Abraham Lincoln referred to the organizing method of the high road as an appeal to the “better angels of our nature.” In his first inaugural address he coined this famous phrase that resonates directly to human souls when it is invoked. It’s meaning is unmistakable on a core human level.
Presumptive Democratic presidential nominee Hillary Clinton set the tone for just this approach with her perfectly-timed speech at the Old State House in Springfield, Illinois, yesterday. The day after two major national events spoke to the merits of unity and common interests – Clinton’s event where her primary rival Sen. Bernie Sanders endorsed her and the moving memorial ceremony in Dallas where President Obama was joined by former President G. W. Bush in an appeal for healing the divide between law enforcement and disenfranchised minorities – Clinton underscored the need for a national leadership that will bring the nation together, not tear it apart.
The location of her remarks was symbolic and poignant. That was where presidential candidate Abraham Lincoln kicked off his campaign two years before he was elected, delivered his famous “House Divided” speech against slavery, saying, “A house divided against itself cannot stand.”
“Let’s think better of each other,” she said. “Let’s hold together in the face of our challenges, not turn on each other or tear each other down. Let’s put ourselves in the shoes of police officers, kissing their kids and spouses goodbye every day and heading off to a dangerous job we need them to do.
“Let’s put ourselves in the shoes of African Americans and Latinos, and try as best we can to imagine what it would be like if we have to have ‘the talk’ with our kids about how carefully they need to act because the slightest wrong move could get them hurt or killed,” she went on, and she didn’t stop there:
“Let’s put ourselves in the shoes of Donald Trump supporters. We may disagree on the causes and the solutions and the challenges we face, but I believe like anyone else, they’re trying to figure out their place in a fast-changing America.”

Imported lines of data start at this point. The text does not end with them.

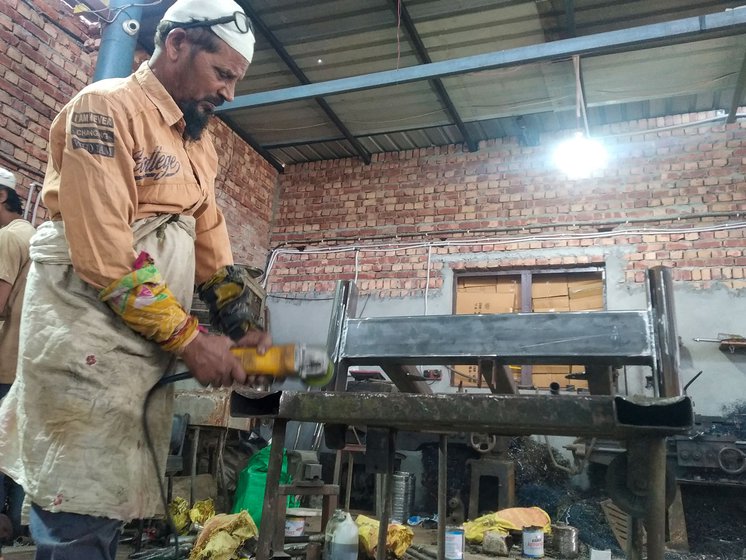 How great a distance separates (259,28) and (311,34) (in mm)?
530

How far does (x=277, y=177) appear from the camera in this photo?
827cm

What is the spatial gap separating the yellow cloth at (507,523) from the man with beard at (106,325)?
374 centimetres

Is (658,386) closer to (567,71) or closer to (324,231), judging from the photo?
(567,71)

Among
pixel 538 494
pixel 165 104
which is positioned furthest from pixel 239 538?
pixel 538 494

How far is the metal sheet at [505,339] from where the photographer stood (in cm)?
199

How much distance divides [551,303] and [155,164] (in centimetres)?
580

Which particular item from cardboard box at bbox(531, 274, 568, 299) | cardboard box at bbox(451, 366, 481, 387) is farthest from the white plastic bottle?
cardboard box at bbox(531, 274, 568, 299)

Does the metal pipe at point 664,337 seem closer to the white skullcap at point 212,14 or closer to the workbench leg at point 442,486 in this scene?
the workbench leg at point 442,486

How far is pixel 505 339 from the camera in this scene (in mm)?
2119

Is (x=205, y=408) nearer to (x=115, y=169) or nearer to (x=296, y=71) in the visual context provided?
(x=296, y=71)

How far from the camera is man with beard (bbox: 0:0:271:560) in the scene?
110cm

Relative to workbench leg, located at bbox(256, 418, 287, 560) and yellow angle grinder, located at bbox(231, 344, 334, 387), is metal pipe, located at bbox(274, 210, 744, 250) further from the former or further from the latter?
yellow angle grinder, located at bbox(231, 344, 334, 387)

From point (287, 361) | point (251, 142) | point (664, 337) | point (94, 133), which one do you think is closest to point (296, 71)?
point (251, 142)

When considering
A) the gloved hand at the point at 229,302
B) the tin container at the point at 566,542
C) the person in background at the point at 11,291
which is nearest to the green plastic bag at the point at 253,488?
the person in background at the point at 11,291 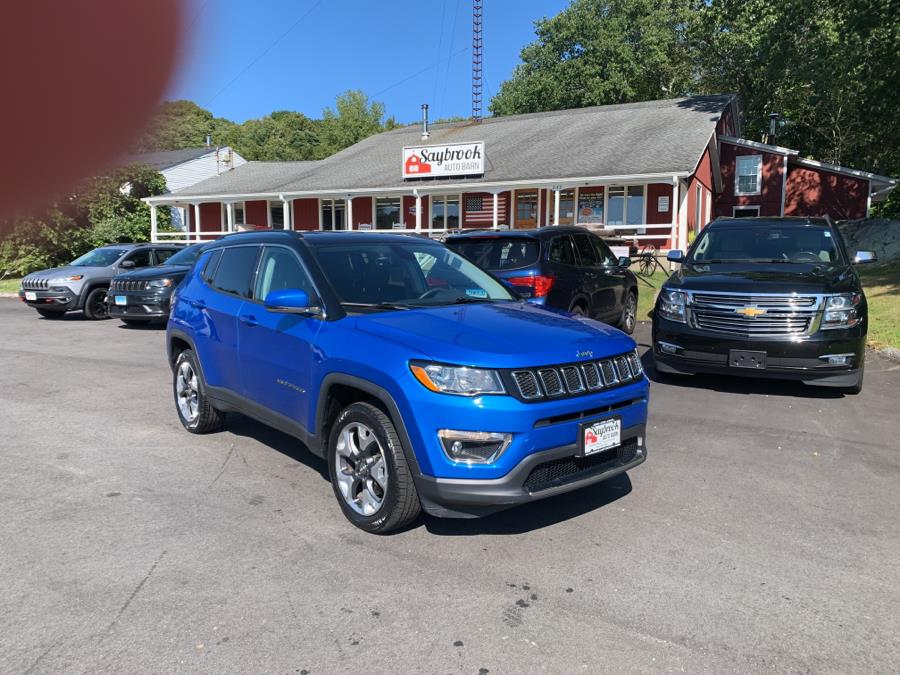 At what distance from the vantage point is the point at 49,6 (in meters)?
0.60

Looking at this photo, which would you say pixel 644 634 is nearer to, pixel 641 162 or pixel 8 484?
A: pixel 8 484

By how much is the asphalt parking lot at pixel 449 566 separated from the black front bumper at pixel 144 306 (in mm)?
7053

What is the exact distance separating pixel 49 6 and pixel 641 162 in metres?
22.7

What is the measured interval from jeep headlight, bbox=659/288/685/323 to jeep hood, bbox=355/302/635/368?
10.9ft

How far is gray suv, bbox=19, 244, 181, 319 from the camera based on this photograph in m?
14.1

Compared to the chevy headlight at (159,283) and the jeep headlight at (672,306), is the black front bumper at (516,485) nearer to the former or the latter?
the jeep headlight at (672,306)

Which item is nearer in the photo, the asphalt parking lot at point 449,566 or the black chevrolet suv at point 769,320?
the asphalt parking lot at point 449,566

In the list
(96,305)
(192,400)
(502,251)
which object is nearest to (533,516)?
(192,400)

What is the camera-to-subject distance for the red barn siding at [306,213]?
1217 inches

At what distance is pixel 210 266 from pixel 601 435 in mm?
3744

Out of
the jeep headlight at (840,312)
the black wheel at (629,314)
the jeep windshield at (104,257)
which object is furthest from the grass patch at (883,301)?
the jeep windshield at (104,257)

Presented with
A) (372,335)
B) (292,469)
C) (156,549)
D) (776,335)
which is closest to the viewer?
(156,549)

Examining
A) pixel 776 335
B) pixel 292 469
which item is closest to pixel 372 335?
pixel 292 469

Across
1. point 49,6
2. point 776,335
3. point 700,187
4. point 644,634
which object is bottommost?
point 644,634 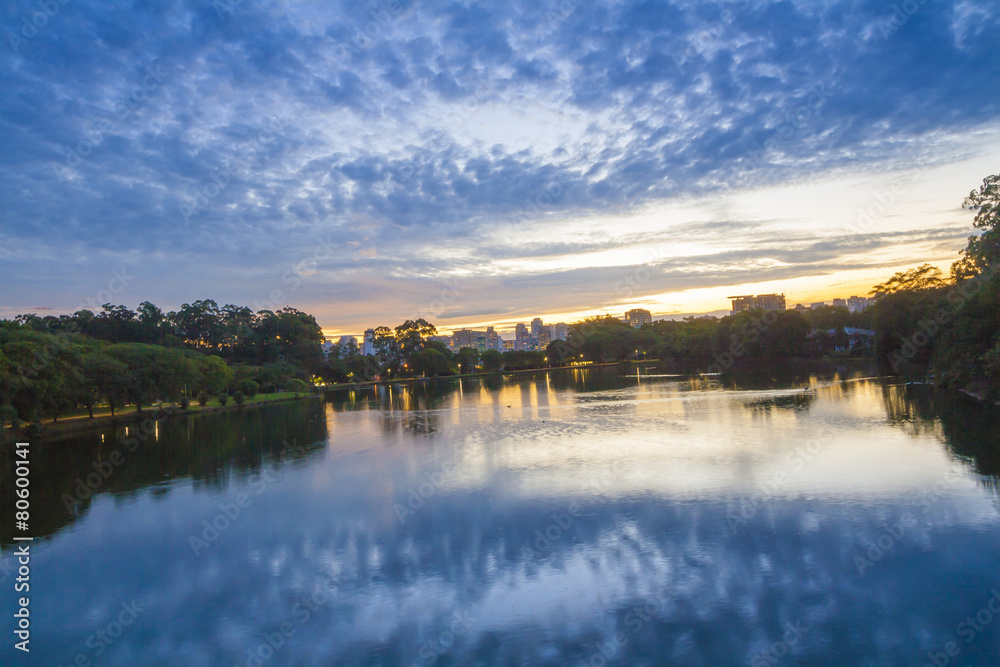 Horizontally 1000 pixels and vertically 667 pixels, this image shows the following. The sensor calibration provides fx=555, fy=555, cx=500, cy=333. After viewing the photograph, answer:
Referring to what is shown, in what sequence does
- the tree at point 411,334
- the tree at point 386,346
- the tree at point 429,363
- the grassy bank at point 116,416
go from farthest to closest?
1. the tree at point 411,334
2. the tree at point 386,346
3. the tree at point 429,363
4. the grassy bank at point 116,416

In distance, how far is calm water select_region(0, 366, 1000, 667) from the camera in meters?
6.61

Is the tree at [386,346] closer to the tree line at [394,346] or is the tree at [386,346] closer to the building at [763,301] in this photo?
the tree line at [394,346]

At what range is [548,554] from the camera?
9047mm

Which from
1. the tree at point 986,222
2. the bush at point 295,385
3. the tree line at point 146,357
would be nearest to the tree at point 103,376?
the tree line at point 146,357

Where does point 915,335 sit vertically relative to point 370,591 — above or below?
above

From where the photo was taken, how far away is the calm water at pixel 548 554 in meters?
6.61

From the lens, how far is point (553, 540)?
31.6 ft

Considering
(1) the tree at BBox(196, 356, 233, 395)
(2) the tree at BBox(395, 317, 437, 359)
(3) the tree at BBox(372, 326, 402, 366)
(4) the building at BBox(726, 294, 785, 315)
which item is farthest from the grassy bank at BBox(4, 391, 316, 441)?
(4) the building at BBox(726, 294, 785, 315)

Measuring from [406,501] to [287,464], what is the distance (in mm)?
7699

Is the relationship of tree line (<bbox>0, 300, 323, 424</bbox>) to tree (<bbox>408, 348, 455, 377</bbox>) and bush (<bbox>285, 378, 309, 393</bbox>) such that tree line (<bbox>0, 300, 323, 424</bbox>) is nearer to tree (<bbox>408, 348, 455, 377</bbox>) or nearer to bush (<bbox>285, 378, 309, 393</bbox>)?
bush (<bbox>285, 378, 309, 393</bbox>)

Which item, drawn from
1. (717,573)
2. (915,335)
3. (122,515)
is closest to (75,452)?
(122,515)

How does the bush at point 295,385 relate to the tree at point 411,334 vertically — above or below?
below

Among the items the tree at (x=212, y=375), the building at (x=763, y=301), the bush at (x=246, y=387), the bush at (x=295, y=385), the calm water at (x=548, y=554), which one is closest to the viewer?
the calm water at (x=548, y=554)

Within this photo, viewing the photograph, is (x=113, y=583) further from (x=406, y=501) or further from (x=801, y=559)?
(x=801, y=559) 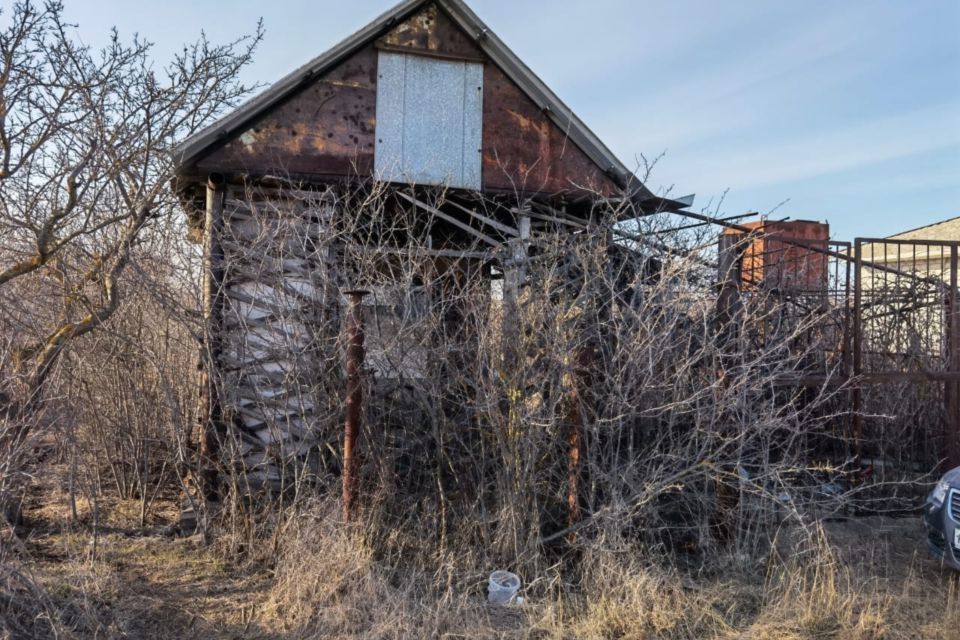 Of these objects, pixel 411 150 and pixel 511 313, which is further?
pixel 411 150

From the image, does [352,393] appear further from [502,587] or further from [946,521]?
[946,521]

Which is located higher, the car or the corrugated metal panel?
the corrugated metal panel

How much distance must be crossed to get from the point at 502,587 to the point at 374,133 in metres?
5.35

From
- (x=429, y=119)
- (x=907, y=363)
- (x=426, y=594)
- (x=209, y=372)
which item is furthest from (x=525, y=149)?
(x=426, y=594)

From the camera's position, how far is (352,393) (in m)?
5.05

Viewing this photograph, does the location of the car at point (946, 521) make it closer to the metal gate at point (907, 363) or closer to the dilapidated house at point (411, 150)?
the metal gate at point (907, 363)

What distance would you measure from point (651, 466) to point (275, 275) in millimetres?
3323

She said, “We’ve got to reclaim the promise of America for all our people, no matter who they vote for,” adding, “My life’s work is built on the conviction that we are stronger together, not separated into factions or sides, not shouting over each other but together.”

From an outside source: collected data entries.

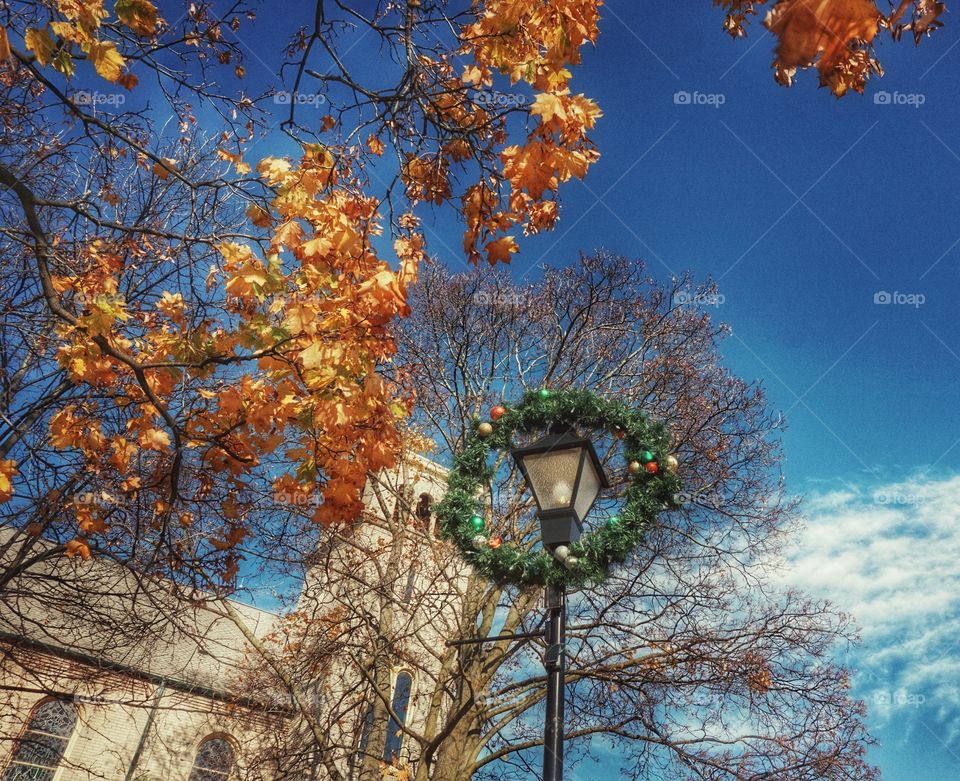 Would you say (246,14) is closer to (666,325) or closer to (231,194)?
(231,194)

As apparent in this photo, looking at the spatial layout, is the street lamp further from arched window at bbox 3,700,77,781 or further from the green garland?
arched window at bbox 3,700,77,781

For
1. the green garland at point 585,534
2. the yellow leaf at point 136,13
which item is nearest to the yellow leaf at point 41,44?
the yellow leaf at point 136,13

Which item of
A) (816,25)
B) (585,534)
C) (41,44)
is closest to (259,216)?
(41,44)

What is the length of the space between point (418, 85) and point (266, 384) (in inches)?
99.5

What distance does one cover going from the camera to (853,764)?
32.0ft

It was in the context of this spirit that Clinton assailed her presumptive GOP rival Donald Trump because his campaign “adds up to an ugly, dangerous message to America, a message that you should be afraid, afraid of people whose ethnicity is different, or religious faith is different, or who were born in a different country or hold different political beliefs.”
It is sad when one is forced to conclude that too much of the 24 hour TV news punditry is simply incapable of “getting” the point of what’s being said. In this case, the coverage centered on the “scathing attack” that Clinton unleashed against Trump, without providing any context for such attacks, except to say that they were aimed at Trump’s character. They then add, “Well, the American people have a problem with Clinton’s character, as well,” dismissing the substance of Clinton’s remarks with a lowest common denominator “he says, she says” resolution.

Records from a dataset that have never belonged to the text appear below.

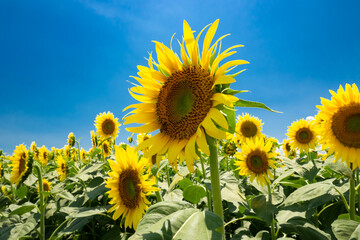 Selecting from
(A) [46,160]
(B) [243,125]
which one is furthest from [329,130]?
(A) [46,160]

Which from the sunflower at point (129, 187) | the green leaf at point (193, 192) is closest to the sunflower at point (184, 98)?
the green leaf at point (193, 192)

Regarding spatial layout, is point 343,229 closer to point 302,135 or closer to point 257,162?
point 257,162

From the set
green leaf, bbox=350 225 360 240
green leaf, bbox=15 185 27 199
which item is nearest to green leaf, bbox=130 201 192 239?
green leaf, bbox=350 225 360 240

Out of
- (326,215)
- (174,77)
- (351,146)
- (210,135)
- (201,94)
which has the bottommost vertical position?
(326,215)

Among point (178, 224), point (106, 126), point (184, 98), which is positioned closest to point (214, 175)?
point (178, 224)

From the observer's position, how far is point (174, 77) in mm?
2195

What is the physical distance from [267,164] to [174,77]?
10.2 feet

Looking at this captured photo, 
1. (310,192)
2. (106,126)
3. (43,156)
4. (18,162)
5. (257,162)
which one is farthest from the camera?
(43,156)

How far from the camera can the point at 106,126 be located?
7418 millimetres

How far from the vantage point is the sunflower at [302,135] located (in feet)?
21.6

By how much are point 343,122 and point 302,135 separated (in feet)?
11.1

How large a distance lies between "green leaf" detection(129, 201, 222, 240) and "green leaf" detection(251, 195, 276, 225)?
1384 mm

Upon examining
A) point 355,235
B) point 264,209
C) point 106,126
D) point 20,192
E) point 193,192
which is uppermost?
point 106,126

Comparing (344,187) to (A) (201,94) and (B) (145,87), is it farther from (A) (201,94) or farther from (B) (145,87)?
(B) (145,87) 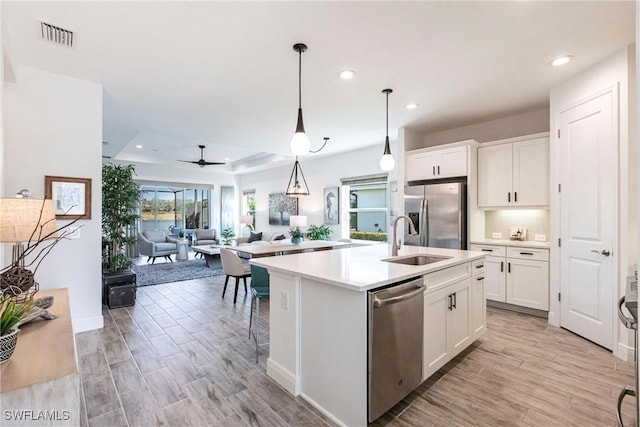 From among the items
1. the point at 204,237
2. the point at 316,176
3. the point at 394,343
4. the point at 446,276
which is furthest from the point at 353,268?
the point at 204,237

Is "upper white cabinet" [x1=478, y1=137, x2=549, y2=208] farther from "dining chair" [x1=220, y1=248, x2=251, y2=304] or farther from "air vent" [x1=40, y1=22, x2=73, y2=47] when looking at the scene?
"air vent" [x1=40, y1=22, x2=73, y2=47]

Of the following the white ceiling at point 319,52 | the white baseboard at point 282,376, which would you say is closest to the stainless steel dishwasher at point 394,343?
the white baseboard at point 282,376

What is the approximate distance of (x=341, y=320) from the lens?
1.86 metres

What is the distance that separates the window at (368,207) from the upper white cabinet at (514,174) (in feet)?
7.23

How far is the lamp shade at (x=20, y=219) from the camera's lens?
176cm

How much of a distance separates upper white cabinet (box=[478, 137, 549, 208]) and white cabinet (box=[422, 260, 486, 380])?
1.73 metres

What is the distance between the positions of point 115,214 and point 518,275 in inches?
217

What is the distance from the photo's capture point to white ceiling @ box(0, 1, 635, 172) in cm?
213

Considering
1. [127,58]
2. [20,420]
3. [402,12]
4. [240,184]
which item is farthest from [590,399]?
[240,184]

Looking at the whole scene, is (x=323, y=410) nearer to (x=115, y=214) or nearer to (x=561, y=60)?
(x=561, y=60)

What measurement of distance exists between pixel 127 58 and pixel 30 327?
2.32m

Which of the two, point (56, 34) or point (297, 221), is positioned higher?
point (56, 34)

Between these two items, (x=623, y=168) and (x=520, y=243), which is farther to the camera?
(x=520, y=243)

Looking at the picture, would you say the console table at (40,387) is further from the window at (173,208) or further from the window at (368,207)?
the window at (173,208) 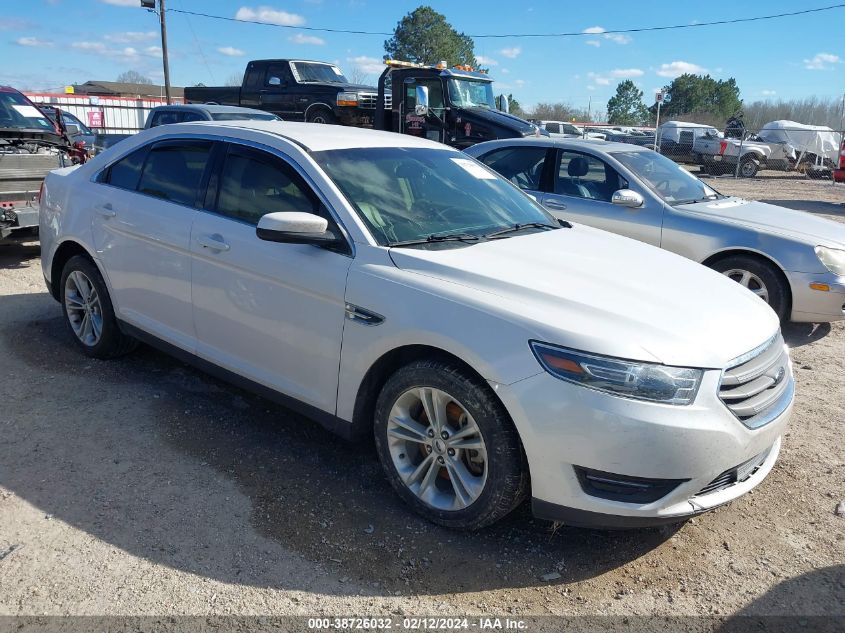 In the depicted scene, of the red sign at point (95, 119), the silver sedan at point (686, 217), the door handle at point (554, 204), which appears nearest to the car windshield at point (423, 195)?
the silver sedan at point (686, 217)

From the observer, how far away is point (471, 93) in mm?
15344

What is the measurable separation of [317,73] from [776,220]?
14.4 m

But the two campaigns are not moral equivalencies, not by a long shot.
Next week America will be presented with the spectacle of the GOP eating its own fecal matter, faced with the unsavory inevitability of a Trump debacle of its own making.
Those desperate Republicans fighting to stop the catastrophe at the convention must know that their predicament has come because for the entire time that President Obama has been in office, their party has incited its supporters to take the low road of divisiveness, division, bigotry and hate.